“Al tavolo delle trattativa c’è stato fin dall’inizio chi ha provato a tessere per una conclusione positiva della vertenza, e chi giocava a sfilare la tela e a strumentalizzare le posizioni differenti. E questo secondo ruolo l’hanno svolto fino alla fine l’azienda e la Confindustria locale”. E’ la denuncia forte della FILLEA CGIL di Capitanata all’indomani della decisione della Bellaria di Ascoli Satriano, specializzata nella produzione di salotti, di inviare ai 79 dipendenti la lettera con la quale si comunica l’avvio della procedure di messa in mobilità per la chiusura dello stabilimento.
Una vertenza aperta proprio con la decisione della Belluria, stante lo stato di crisi e per mancanza di commesse, di voler chiudere l’impianto realizzato nell’ambito del Patto territoriale di Ascoli-Candela-Rocchetta anche grazie a finanziamenti pubblici. E a nulla è servito lo sforzo per trovare soluzioni della task force per l’occupazione della Regione Puglia, della Provincia di Foggia, dei Comuni del Subappennino. “Proprio in sede regionale – ricostruisce l’intera vicenda Vitantonio Pasqualicchio, segretario generale della FILLEA provinciale – era stata raggiunta un’ipotesi di intesa che prevedeva il ricorso alla cassa integrazione per un numero di 50 unità, evitando la chiusura dell’impianto”.
Delle restanti 30, l’azienda aveva dichiarato non fungibili 9 unità, quindi non interessate dalla Cig. La fabbrica avrebbe continuato a produrre, procedendo ad una rotazione tra tutti quelli in Cig (escluso 5 persone, che sarebbero rimaste sempre a casa) fino ad un massimo di 21 unità. “Abbiamo portato l’ipotesi di accordo in assemblea – ricorda Pasqualicchio – dove è emerso un dissenso maggioritario tra i lavoratori rispetto ai 5 esclusi dalla turnazione e alle 9 unità non toccate dalla Cig. Allora abbiamo, sospendendo l’assemblea, deciso di tornare al tavolo delle trattative con una nuova proposta”.

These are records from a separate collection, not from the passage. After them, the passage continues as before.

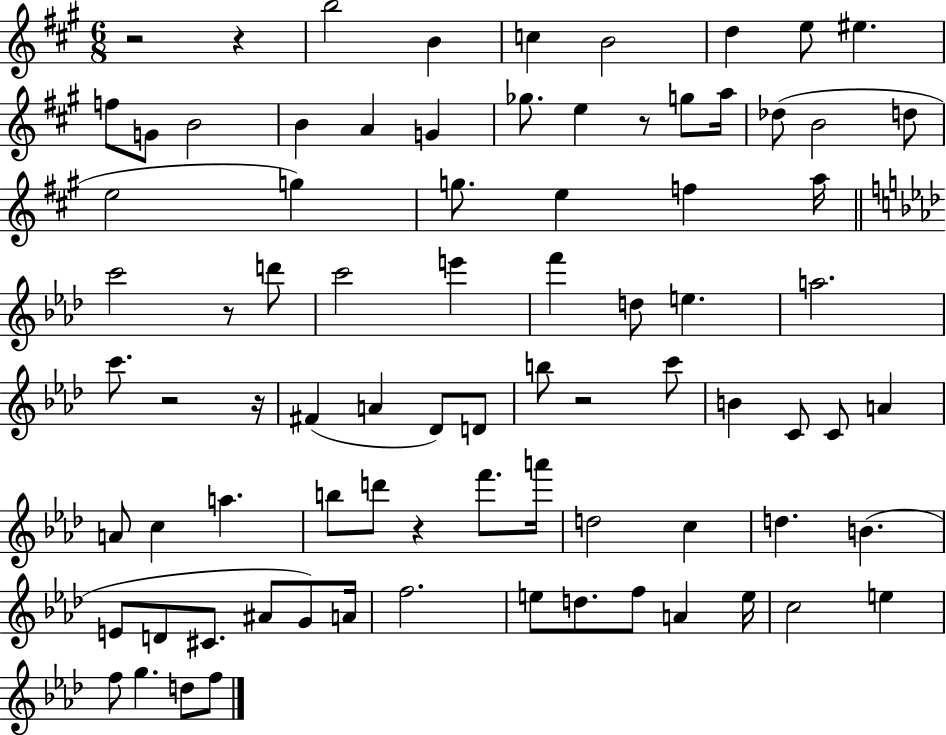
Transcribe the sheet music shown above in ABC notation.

X:1
T:Untitled
M:6/8
L:1/4
K:A
z2 z b2 B c B2 d e/2 ^e f/2 G/2 B2 B A G _g/2 e z/2 g/2 a/4 _d/2 B2 d/2 e2 g g/2 e f a/4 c'2 z/2 d'/2 c'2 e' f' d/2 e a2 c'/2 z2 z/4 ^F A _D/2 D/2 b/2 z2 c'/2 B C/2 C/2 A A/2 c a b/2 d'/2 z f'/2 a'/4 d2 c d B E/2 D/2 ^C/2 ^A/2 G/2 A/4 f2 e/2 d/2 f/2 A e/4 c2 e f/2 g d/2 f/2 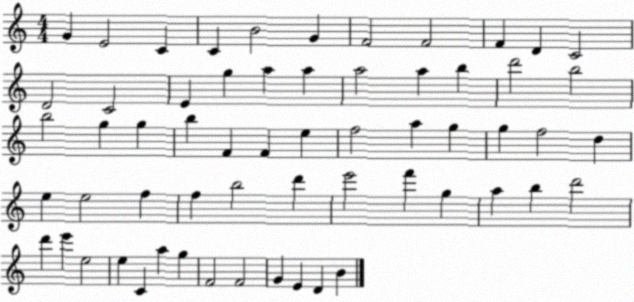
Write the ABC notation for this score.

X:1
T:Untitled
M:4/4
L:1/4
K:C
G E2 C C B2 G F2 F2 F D C2 D2 C2 E g a a a2 a b d'2 b2 b2 g g b F F e f2 a g g f2 d e e2 f f b2 d' e'2 f' g a b d'2 d' e' e2 e C a g F2 F2 G E D B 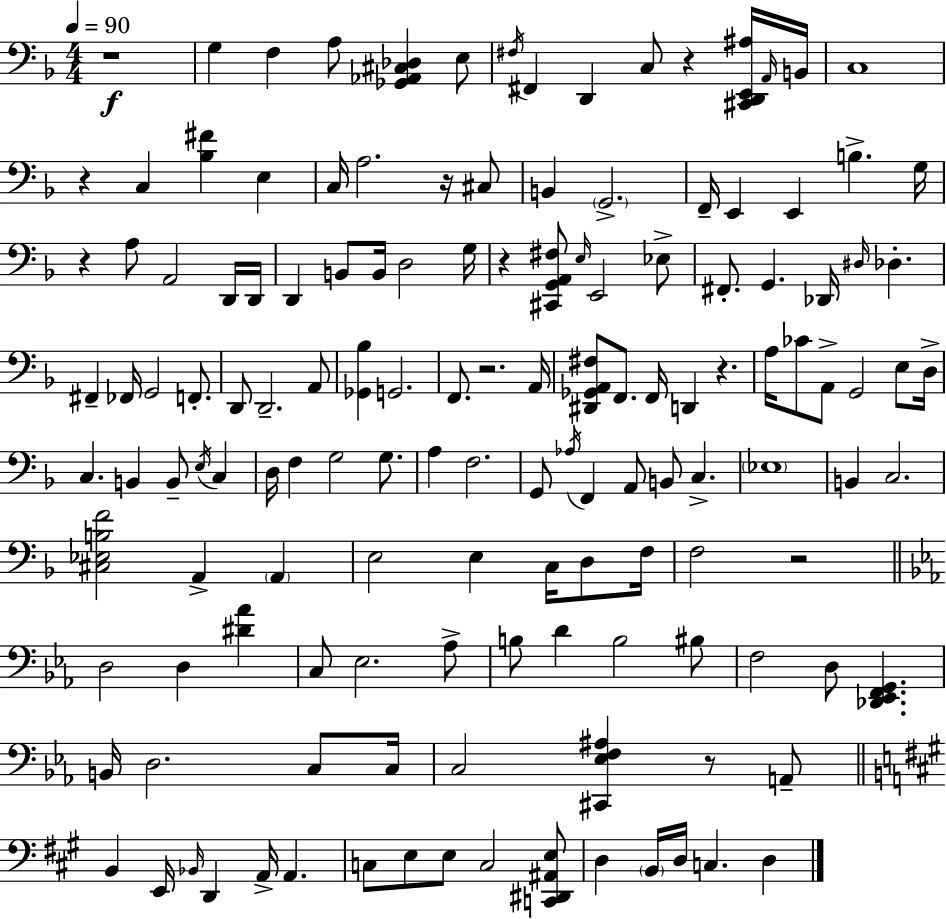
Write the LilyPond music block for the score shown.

{
  \clef bass
  \numericTimeSignature
  \time 4/4
  \key f \major
  \tempo 4 = 90
  r1\f | g4 f4 a8 <ges, aes, cis des>4 e8 | \acciaccatura { fis16 } fis,4 d,4 c8 r4 <cis, d, e, ais>16 | \grace { a,16 } b,16 c1 | \break r4 c4 <bes fis'>4 e4 | c16 a2. r16 | cis8 b,4 \parenthesize g,2.-> | f,16-- e,4 e,4 b4.-> | \break g16 r4 a8 a,2 | d,16 d,16 d,4 b,8 b,16 d2 | g16 r4 <cis, g, a, fis>8 \grace { e16 } e,2 | ees8-> fis,8.-. g,4. des,16 \grace { dis16 } des4.-. | \break fis,4-- fes,16 g,2 | f,8.-. d,8 d,2.-- | a,8 <ges, bes>4 g,2. | f,8. r2. | \break a,16 <dis, ges, a, fis>8 f,8. f,16 d,4 r4. | a16 ces'8 a,8-> g,2 | e8 d16-> c4. b,4 b,8-- | \acciaccatura { e16 } c4 d16 f4 g2 | \break g8. a4 f2. | g,8 \acciaccatura { aes16 } f,4 a,8 b,8 | c4.-> \parenthesize ees1 | b,4 c2. | \break <cis ees b f'>2 a,4-> | \parenthesize a,4 e2 e4 | c16 d8 f16 f2 r2 | \bar "||" \break \key ees \major d2 d4 <dis' aes'>4 | c8 ees2. aes8-> | b8 d'4 b2 bis8 | f2 d8 <des, ees, f, g,>4. | \break b,16 d2. c8 c16 | c2 <cis, ees f ais>4 r8 a,8-- | \bar "||" \break \key a \major b,4 e,16 \grace { bes,16 } d,4 a,16-> a,4. | c8 e8 e8 c2 <c, dis, ais, e>8 | d4 \parenthesize b,16 d16 c4. d4 | \bar "|."
} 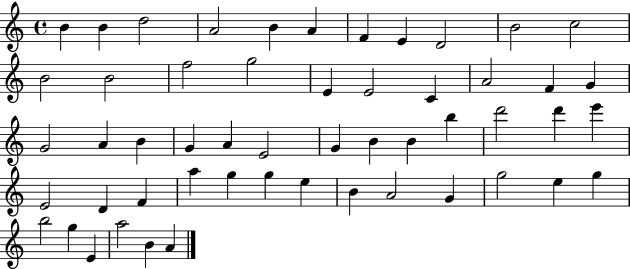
{
  \clef treble
  \time 4/4
  \defaultTimeSignature
  \key c \major
  b'4 b'4 d''2 | a'2 b'4 a'4 | f'4 e'4 d'2 | b'2 c''2 | \break b'2 b'2 | f''2 g''2 | e'4 e'2 c'4 | a'2 f'4 g'4 | \break g'2 a'4 b'4 | g'4 a'4 e'2 | g'4 b'4 b'4 b''4 | d'''2 d'''4 e'''4 | \break e'2 d'4 f'4 | a''4 g''4 g''4 e''4 | b'4 a'2 g'4 | g''2 e''4 g''4 | \break b''2 g''4 e'4 | a''2 b'4 a'4 | \bar "|."
} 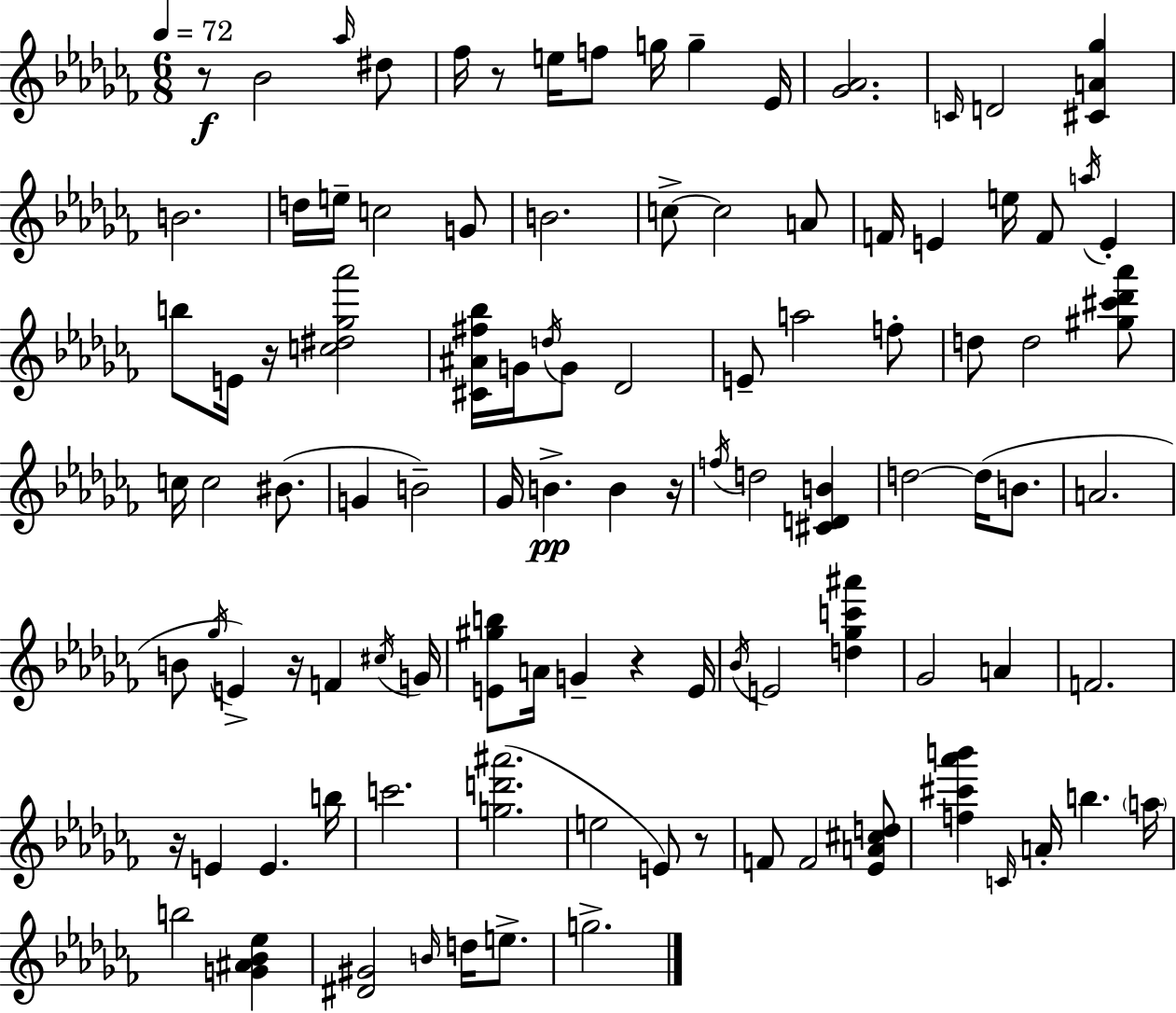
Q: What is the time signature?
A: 6/8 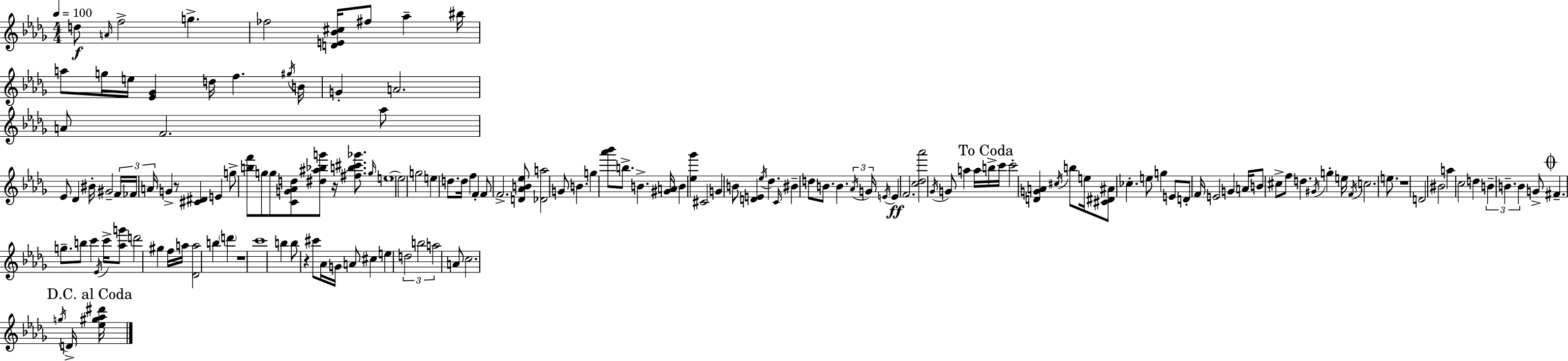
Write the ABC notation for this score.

X:1
T:Untitled
M:4/4
L:1/4
K:Bbm
d/2 A/4 f2 g _f2 [DE_B^c]/4 ^f/2 _a ^b/4 a/2 g/4 e/4 [_E_G] d/4 f ^g/4 B/4 G A2 A/2 F2 _a/2 _E/2 _D ^B/4 ^G2 F/4 _F/4 A/4 G z/2 [^C^D] E g/2 [bf']/2 g/2 g/2 [CG_Ad]/2 [^d^a_bg']/2 z/4 [^fb^c'_g']/2 g/4 e4 e2 g2 e d/2 d/4 f F F/2 F2 [D_AB_e]/2 [_Da]2 G/2 B g [_a'_b']/2 b/2 B [^GA]/4 B [_e_g'] ^C2 G B/2 [DE] _e/4 _d C/4 ^B d/2 B/2 B _A/4 G/4 E/4 E F2 [c_d_a']2 _G/4 G/2 a a/4 b/4 c'/4 c'2 [DGA] ^c/4 b/2 e/4 [^C^D^A]/2 _c e/2 g E/2 D/2 F/4 E2 G A/4 B/2 ^c/2 f/2 d ^G/4 g e/4 F/4 c2 e/2 z4 D2 ^B2 a c2 d B B B G/2 ^F g/2 b/2 c' _E/4 c'/4 [_ag']/2 d'2 ^g f/4 a/4 [_Da]2 b d' z4 c'4 b b/2 z ^c'/2 _A/4 G/4 A/2 ^c e d2 b2 a2 A/2 c2 g/4 D/4 [_e^g_a^d']/4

Considerata la difficoltà dell’azienda di anticipare le somme per la Cig – per le quali si erano fatti avanti i Comuni della zona per coprirne quota parte – “alla trattativa, presenti il Prefetto e la Regione, abbiamo portato anche un’ipotesi di lavoro, sulla scorta di quanto realizzato in altri territori. Ovvero un accordo tre tutte le parti sociali, le istituzioni, l’azienda e con il coinvolgimento delle banche, che avrebbero materialmente anticipato le somme per la cassa integrazione. Una strada percorribile, in periodo di crisi, in tutti gli altri settori”. Ma se sulla proposta c’è stato il beneplacito di tutti, scartando l’ipotesi Comuni, “l’azienda – spiega il segretario generale della FILLEA – è rimasta ferma sulle discriminanti relativi ai 9 non fungibili e ai 5 dipendenti non in rotazione. E nemmeno la proposta del sindacato di tenere il 50% dentro e il 50% fuori, facendo ruotare tutti, è stata accolta dalla Bellaria”.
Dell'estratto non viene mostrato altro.